── Records for the exercise
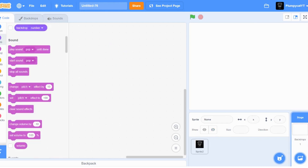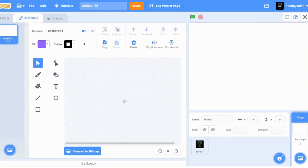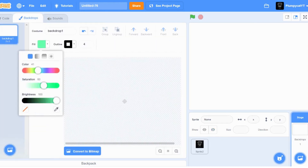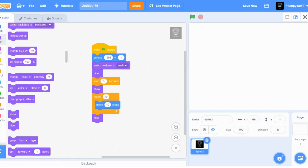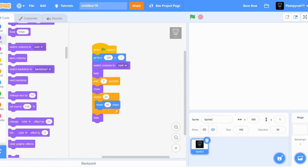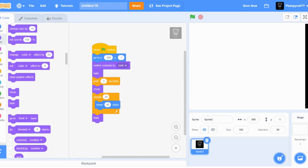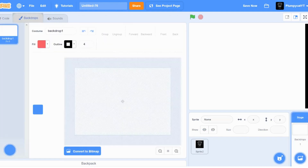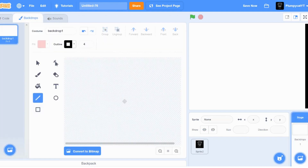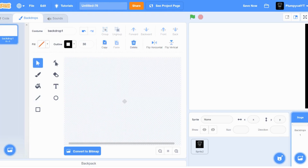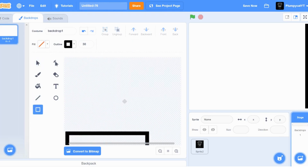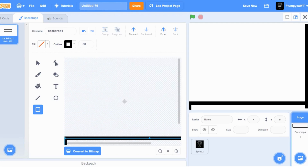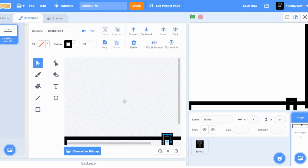Now let's get the background. Press show on the Rush sprite and then get your background. Make it a square and make sure to line it up with the bottom of Rush.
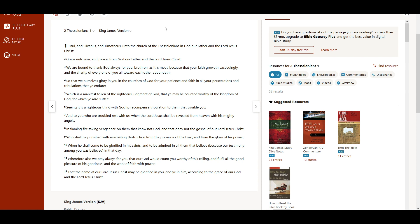Who shall be punished with everlasting destruction from the presence of the Lord and from the glory of his power, when he shall come to be glorified in his saints and to be admired in all them that believe, because our testimony among you was believed in that day.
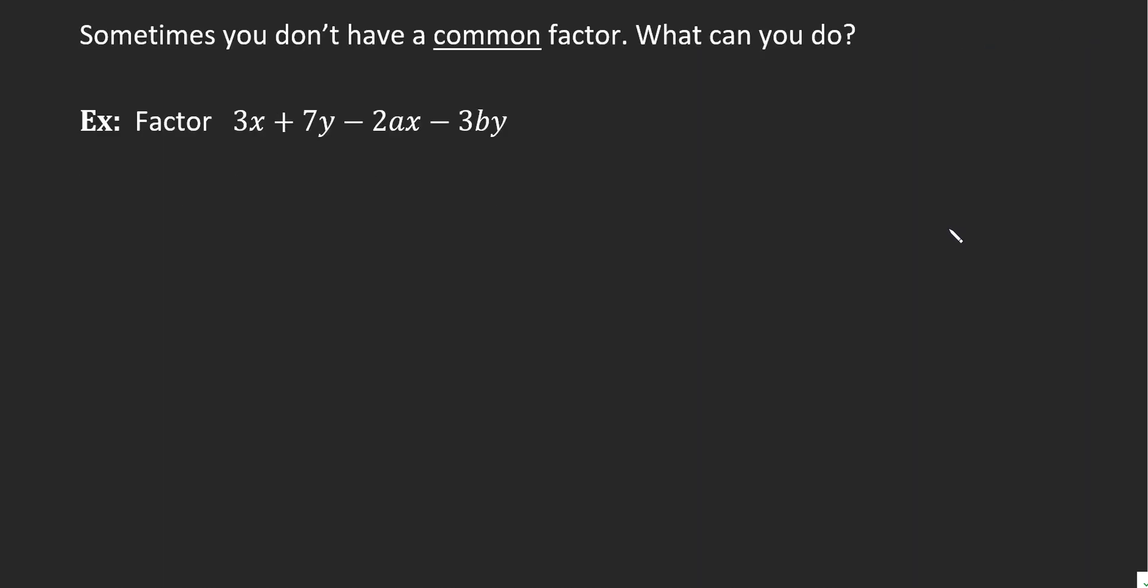Let's take a look at factoring something where we don't have a common factor among all the terms. Here in this question, I have 3x, 7y, 2ax, 3by. There is nothing common in all four of these things. So sometimes you don't have a common factor. The question is, what can you do? We're going to group certain items together. We're going to combine items that have at least something in common, and we're going to try to never leave an odd item out. We're always going to try and pick two items that are similar and two other items that are similar.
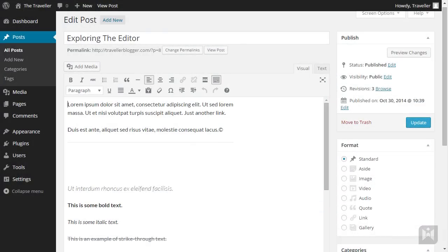Post formats allow you to style your posts differently, making certain elements in the post more prominent depending on the format you choose. Also, depending on the theme you're using, you may or may not have these options available. It's possible that your theme does not have specific styles for each format, in which case you'll not see much difference between the different formats.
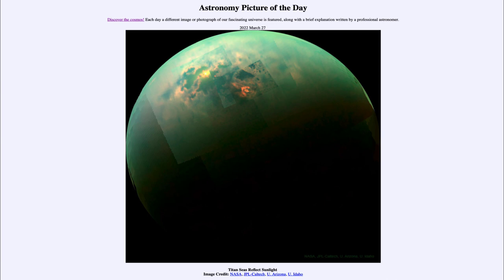Studying these seas tells us that Titan is going through a methane cycle, much as we go through a water cycle here on Earth. There are signs of significant evaporation on the moon, meaning methane evaporates, rains out, flows down through rivers to the lakes, and then evaporates again — continuing that cycle, just as water does here on Earth.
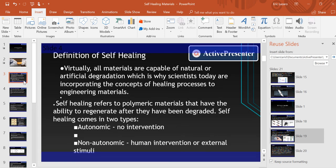What you saw there is an example of a self-healing material. As the video showed, it can put itself back together. This brings me to the definition of self-healing: it refers to polymeric materials that have the ability to regenerate after they have been degraded. It comes in two types — autonomic, in which there is no external interaction, and non-autonomic, in which there is.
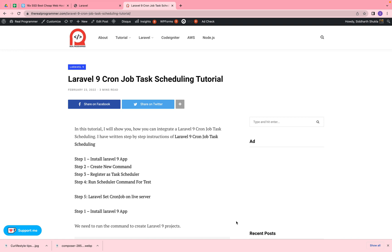We are back again with another video. In this video we're going to discuss how you can create a cron job in Laravel 9. Cron jobs are useful when you need to make some automation — you can set up time durations and schedule tasks. I have already written a blog and I'm going to explain every step. I also have written code I will show you how we can make this.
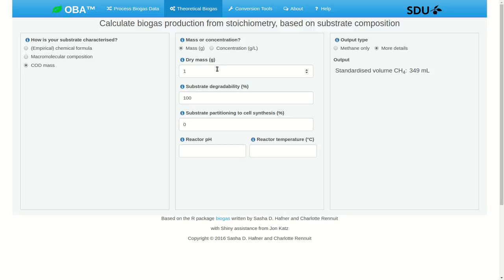Maybe we just have COD. In that case, it's actually relatively easy to predict methane production, and there are no more details we can get. We're just looking at approximately 350 milliliters of methane per gram of COD — so nearly 700 for 2 grams, and so on and so forth.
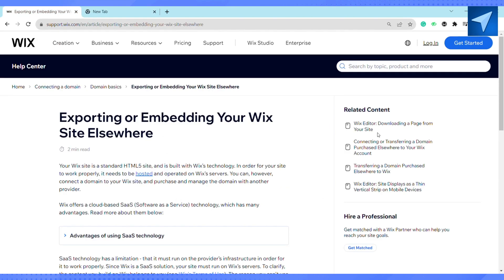What you should know about Wix is that the website builder does not allow for automated export, and content is exclusively on the system's servers and thus it cannot be exported anywhere. As a result, you won't be able to export or embed website pages as an HTML file — whether your website was created with the system editor, an external platform, or hosted elsewhere.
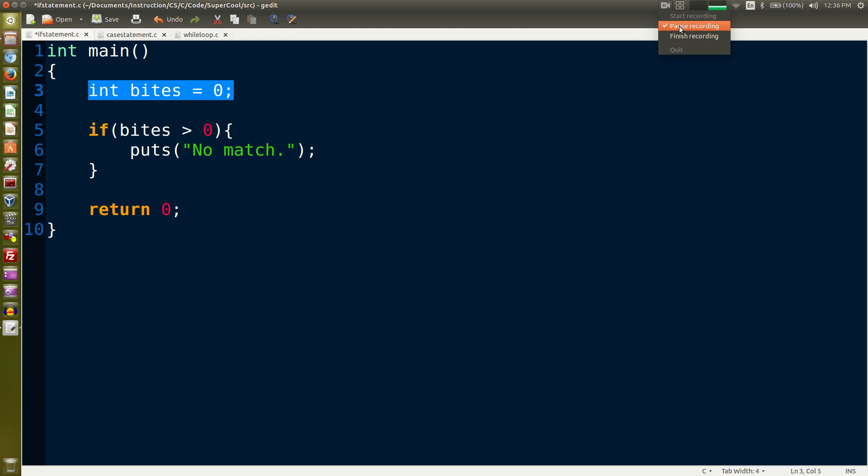We have int bytes - that is an integer, the name of that integer is bytes and it equals zero.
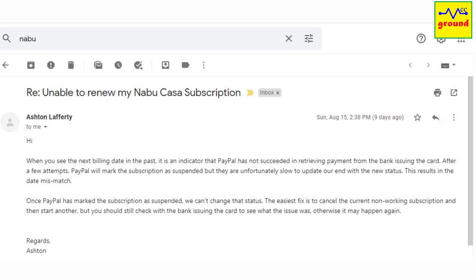Recently my subscription to Nabucasa expired due to a glitch in the payment gateway of my credit card company.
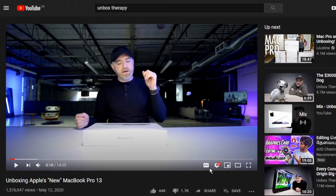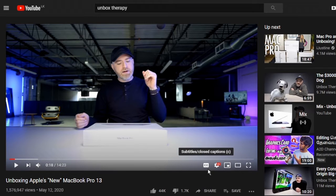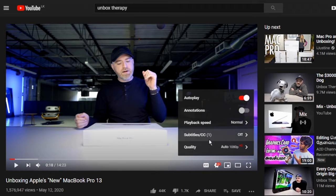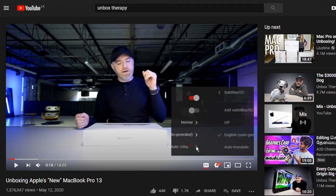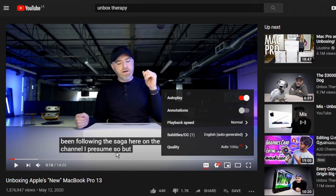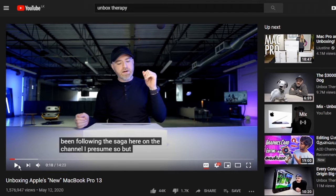In YouTube, you will have an option to add subtitles — it will be called CC. Go to settings; it is not that easy, we need to add subtitles manually. There is a default system — it will be set to off. We are using auto-generated English subtitles. Press the subtitles option to start the subtitles.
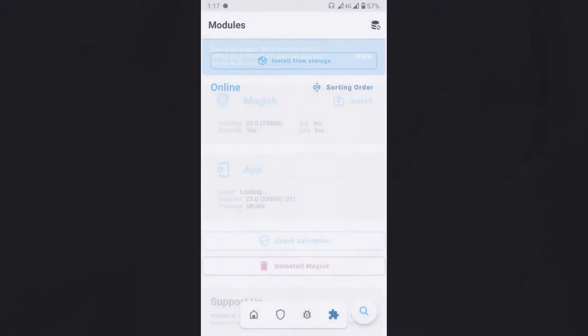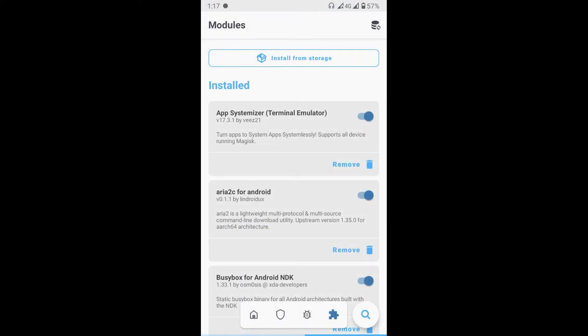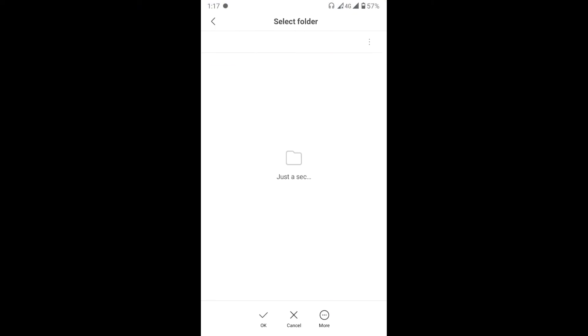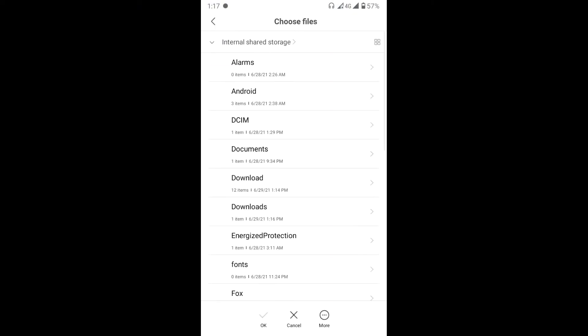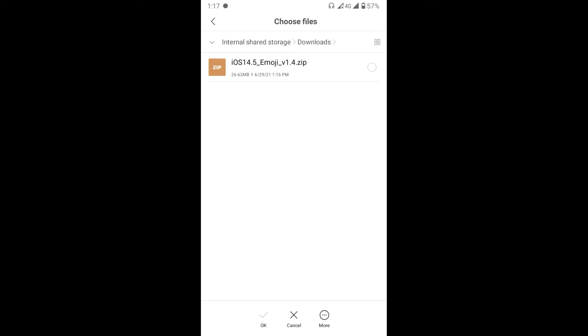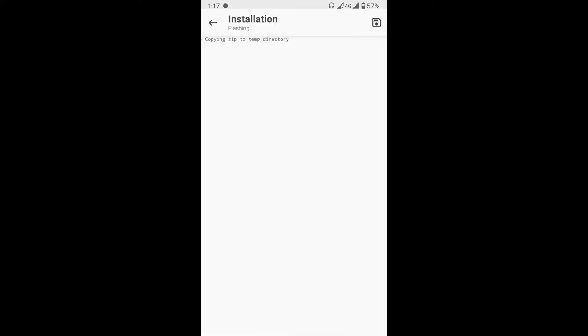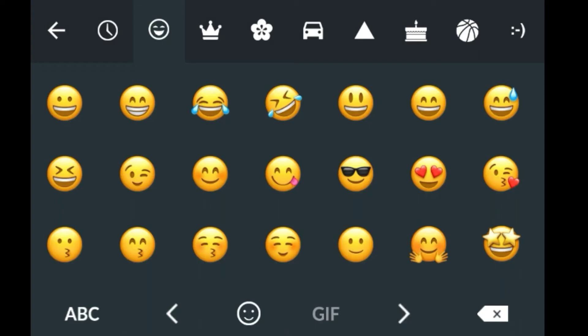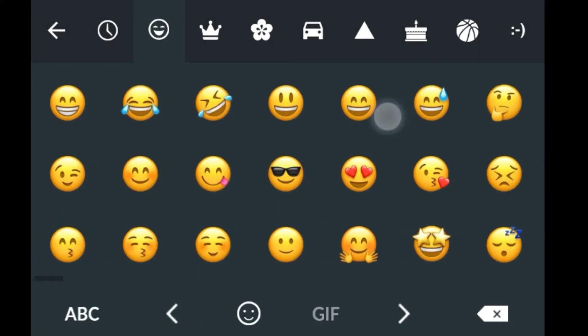Then open the Magisk Manager and go to the Module tab. Now tap the Install from Storage button and select the downloaded zip file from your storage. It will automatically start the installation process. After that, restart your device.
────
*Assignment*
Each record above should be returned unchanged, except that the pictures are dropped.

*Output*
Now let's get the background. Press show on the Rush sprite and then get your background. Make it a square and make sure to line it up with the bottom of Rush.
Who shall be punished with everlasting destruction from the presence of the Lord and from the glory of his power, when he shall come to be glorified in his saints and to be admired in all them that believe, because our testimony among you was believed in that day.
Let's take a look at factoring something where we don't have a common factor among all the terms. Here in this question, I have 3x, 7y, 2ax, 3by. There is nothing common in all four of these things. So sometimes you don't have a common factor. The question is, what can you do? We're going to group certain items together. We're going to combine items that have at least something in common, and we're going to try to never leave an odd item out. We're always going to try and pick two items that are similar and two other items that are similar.
Post formats allow you to style your posts differently, making certain elements in the post more prominent depending on the format you choose. Also, depending on the theme you're using, you may or may not have these options available. It's possible that your theme does not have specific styles for each format, in which case you'll not see much difference between the different formats.
Studying these seas tells us that Titan is going through a methane cycle, much as we go through a water cycle here on Earth. There are signs of significant evaporation on the moon, meaning methane evaporates, rains out, flows down through rivers to the lakes, and then evaporates again — continuing that cycle, just as water does here on Earth.
What you saw there is an example of a self-healing material. As the video showed, it can put itself back together. This brings me to the definition of self-healing: it refers to polymeric materials that have the ability to regenerate after they have been degraded. It comes in two types — autonomic, in which there is no external interaction, and non-autonomic, in which there is.
We are back again with another video. In this video we're going to discuss how you can create a cron job in Laravel 9. Cron jobs are useful when you need to make some automation — you can set up time durations and schedule tasks. I have already written a blog and I'm going to explain every step. I also have written code I will show you how we can make this.
Maybe we just have COD. In that case, it's actually relatively easy to predict methane production, and there are no more details we can get. We're just looking at approximately 350 milliliters of methane per gram of COD — so nearly 700 for 2 grams, and so on and so forth.
What you should know about Wix is that the website builder does not allow for automated export, and content is exclusively on the system's servers and thus it cannot be exported anywhere. As a result, you won't be able to export or embed website pages as an HTML file — whether your website was created with the system editor, an external platform, or hosted elsewhere.
We have int bytes - that is an integer, the name of that integer is bytes and it equals zero.
Recently my subscription to Nabucasa expired due to a glitch in the payment gateway of my credit card company.
In YouTube, you will have an option to add subtitles — it will be called CC. Go to settings; it is not that easy, we need to add subtitles manually. There is a default system — it will be set to off. We are using auto-generated English subtitles. Press the subtitles option to start the subtitles.
Then open the Magisk Manager and go to the Module tab. Now tap the Install from Storage button and select the downloaded zip file from your storage. It will automatically start the installation process. After that, restart your device.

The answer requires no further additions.